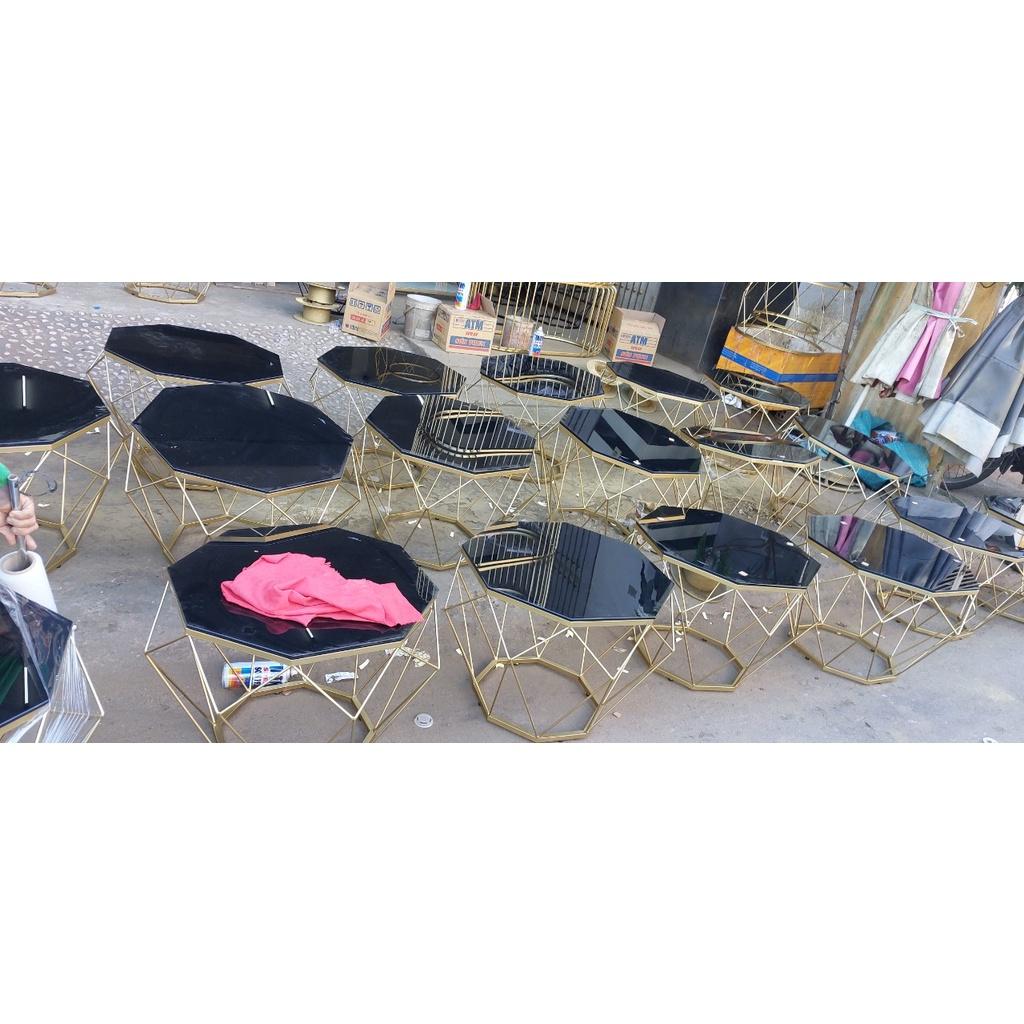 Bàn sofa khung sắt sơn tỉnh điện,, mặt kính cường lực giả đá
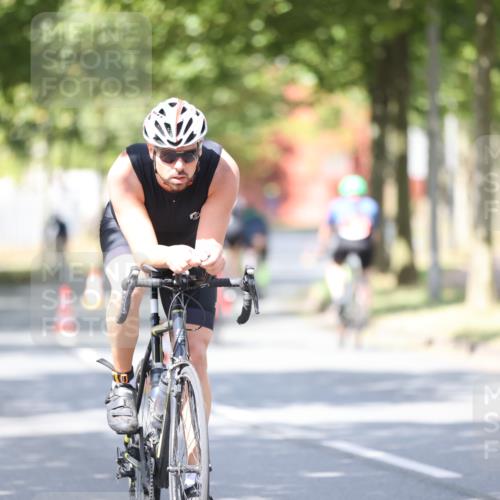 11.08.2024 - GEWOBA Citytriathlon Bremen H.Heesch http://msf.ph/oto/6802287 11.08.2024 12:03:33 Laufen  meine-sportfotos.de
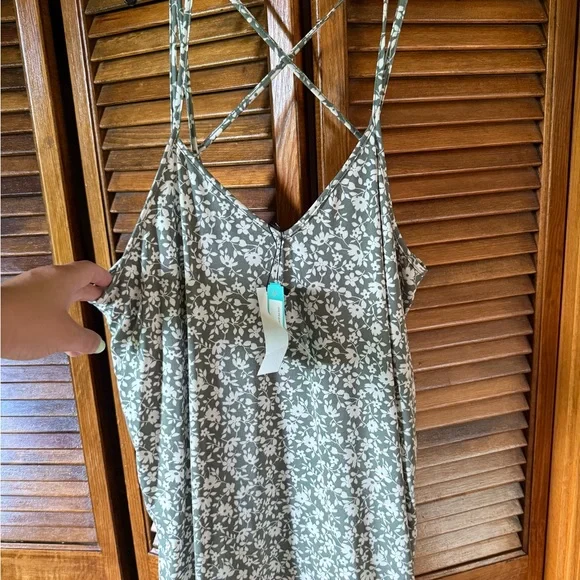 Floral Green Women's Tank NWT - Picture 2 of 2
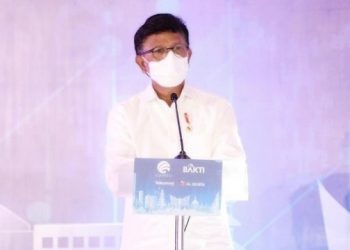 Keterangan Foto. Menteri Komunikasi dan Informatika Johnny G. Plate menghadiri Seremoni Penandatanganan Perjanjian Kerja Sama Program Penyediaan Layanan Seluler 4G di Wilayah 3T dalam rangka Percepatan Transformasi Digital di Jakarta Pusat, Selasa (25/01/2022). - (AYH)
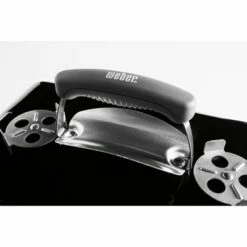 Weber Go Anywhere® Charcoal -UK BBQ Sales 2024 1131004 3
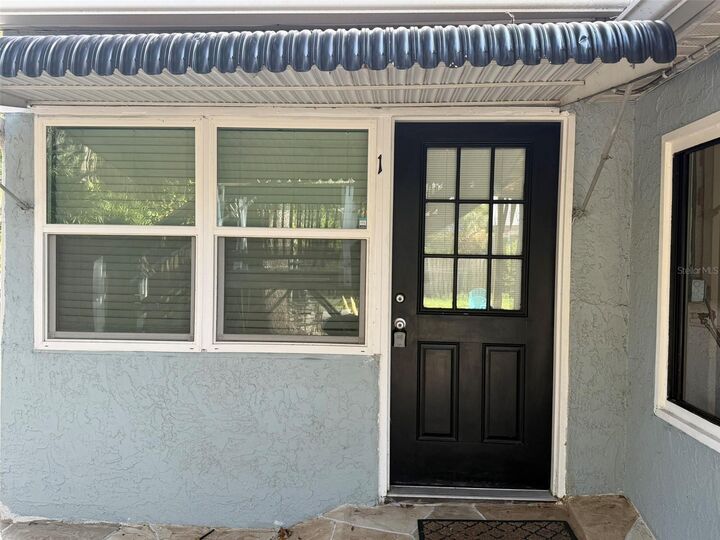 Property Photo: 101 W Lemon Street 1 FL 34689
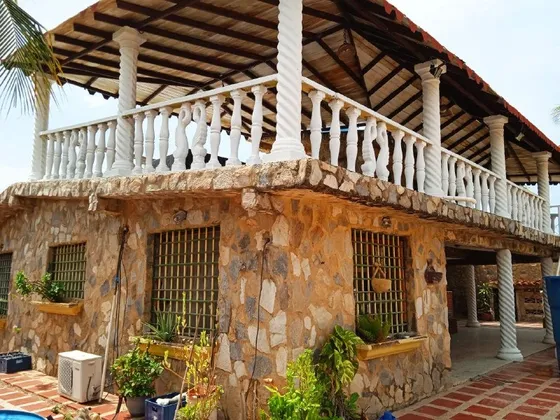 Yonny Silva Rentahouse Carabobo Vende Espectacular Casa En Playa Norte Chichiriviche Rcys 23-8811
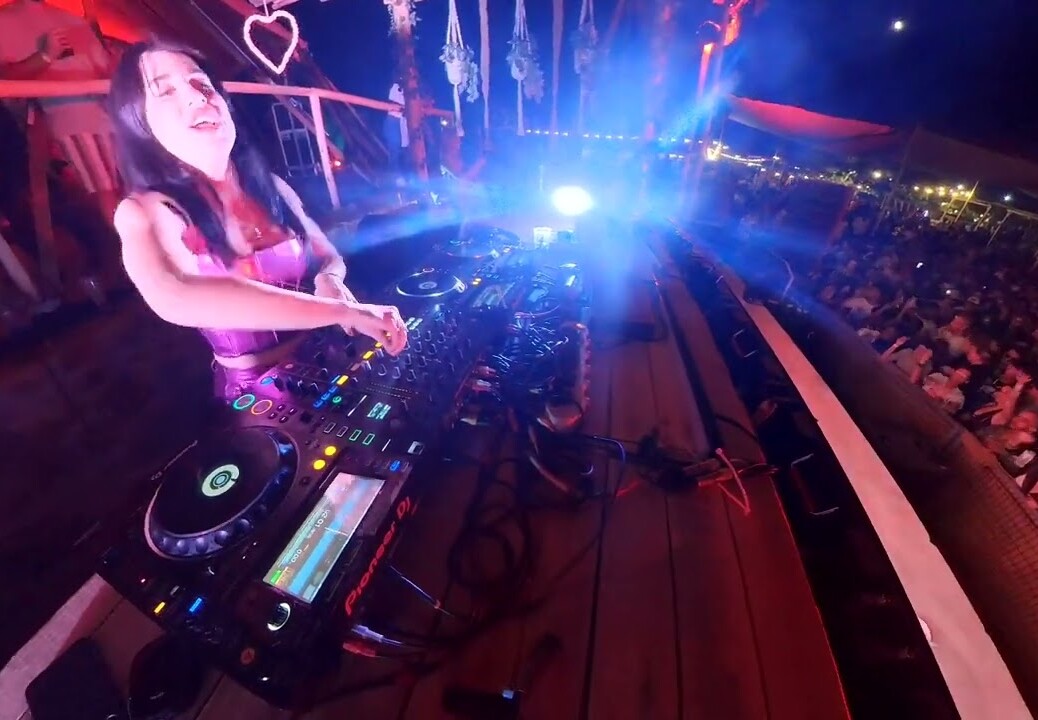 Juicy M – NYE Set at H2O, Cape Town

# Description of the task:
Please print every record exactly, leaving out the pictures.

# Exercise answer:
 Bàn sofa khung sắt sơn tỉnh điện,, mặt kính cường lực giả đá
 11.08.2024 - GEWOBA Citytriathlon Bremen H.Heesch http://msf.ph/oto/6802287 11.08.2024 12:03:33 Laufen  meine-sportfotos.de
 Floral Green Women's Tank NWT - Picture 2 of 2
 Keterangan Foto. Menteri Komunikasi dan Informatika Johnny G. Plate menghadiri Seremoni Penandatanganan Perjanjian Kerja Sama Program Penyediaan Layanan Seluler 4G di Wilayah 3T dalam rangka Percepatan Transformasi Digital di Jakarta Pusat, Selasa (25/01/2022). - (AYH)
 Weber Go Anywhere® Charcoal -UK BBQ Sales 2024 1131004 3
 Property Photo: 101 W Lemon Street 1 FL 34689
 Yonny Silva Rentahouse Carabobo Vende Espectacular Casa En Playa Norte Chichiriviche Rcys 23-8811
 Juicy M – NYE Set at H2O, Cape Town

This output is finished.